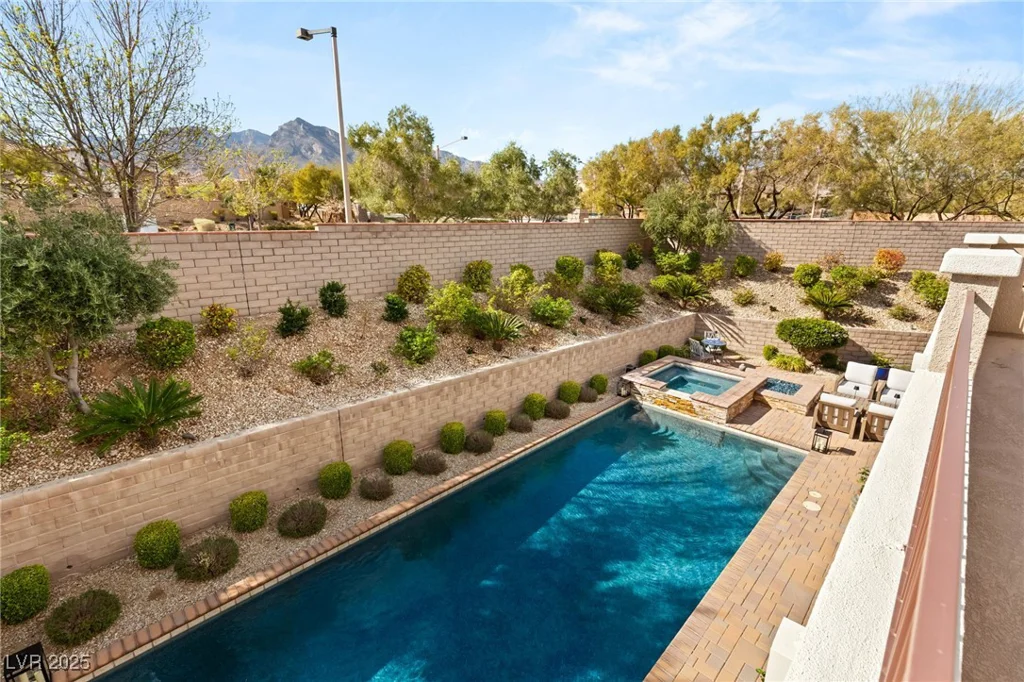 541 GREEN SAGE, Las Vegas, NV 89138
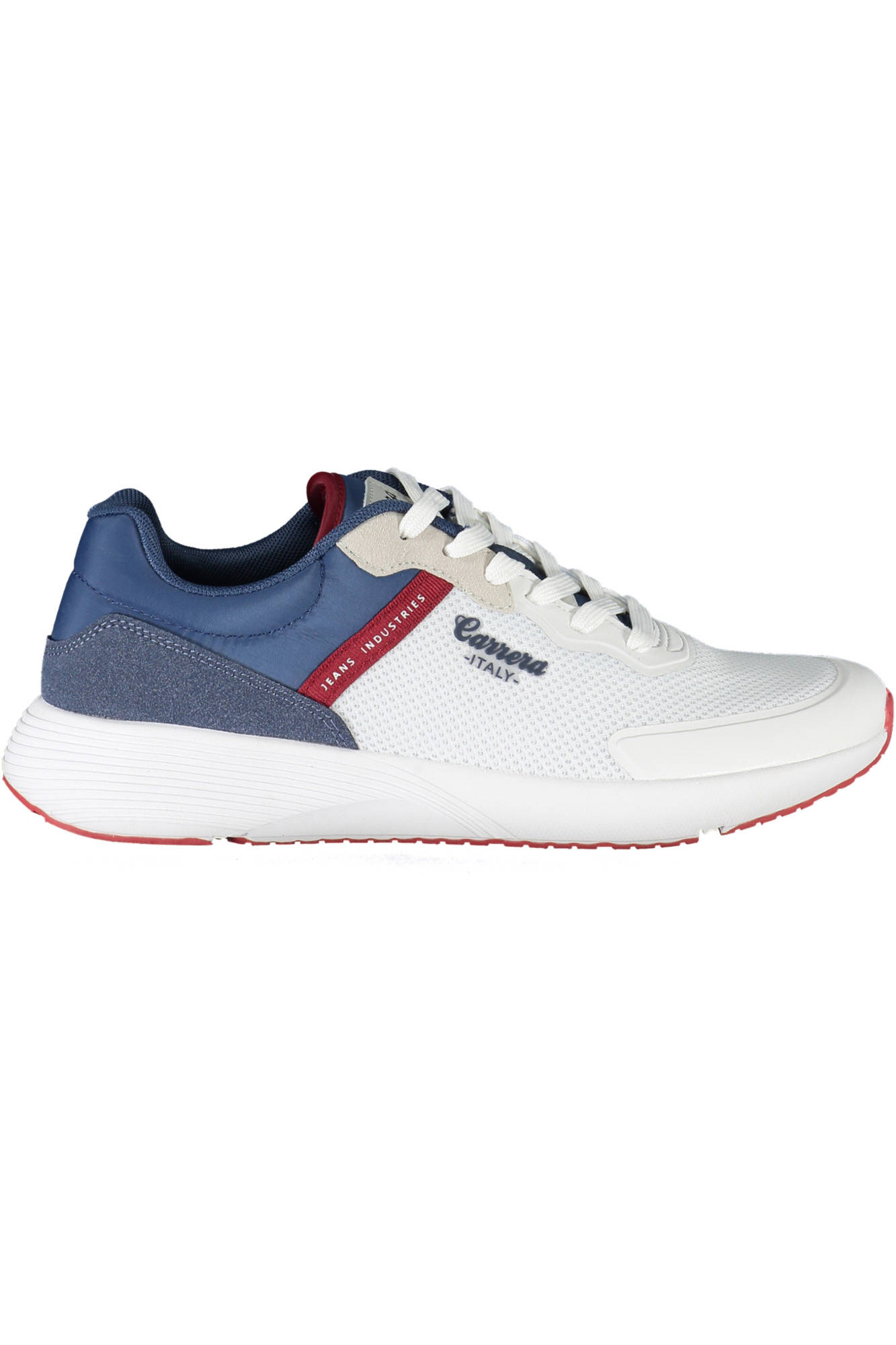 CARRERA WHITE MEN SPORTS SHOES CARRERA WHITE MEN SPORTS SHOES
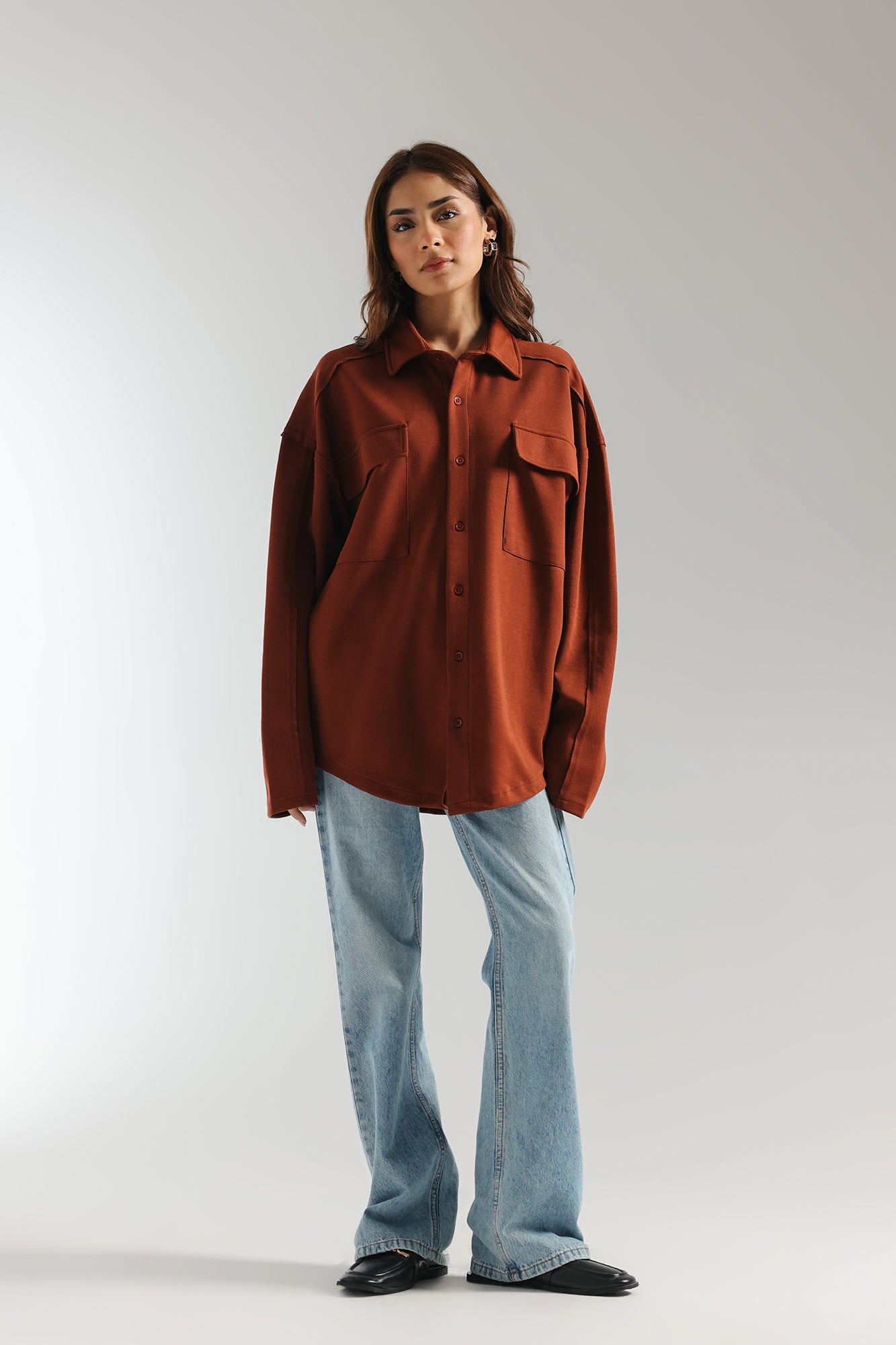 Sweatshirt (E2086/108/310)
◆ ◆ ◆ ◆ ◆ ◆ ◆
▶ **Activity**: Write out the whole listing exactly. Pictures stay out.

▶ **Expected answer**:
 541 GREEN SAGE, Las Vegas, NV 89138
 CARRERA WHITE MEN SPORTS SHOES CARRERA WHITE MEN SPORTS SHOES
 Sweatshirt (E2086/108/310)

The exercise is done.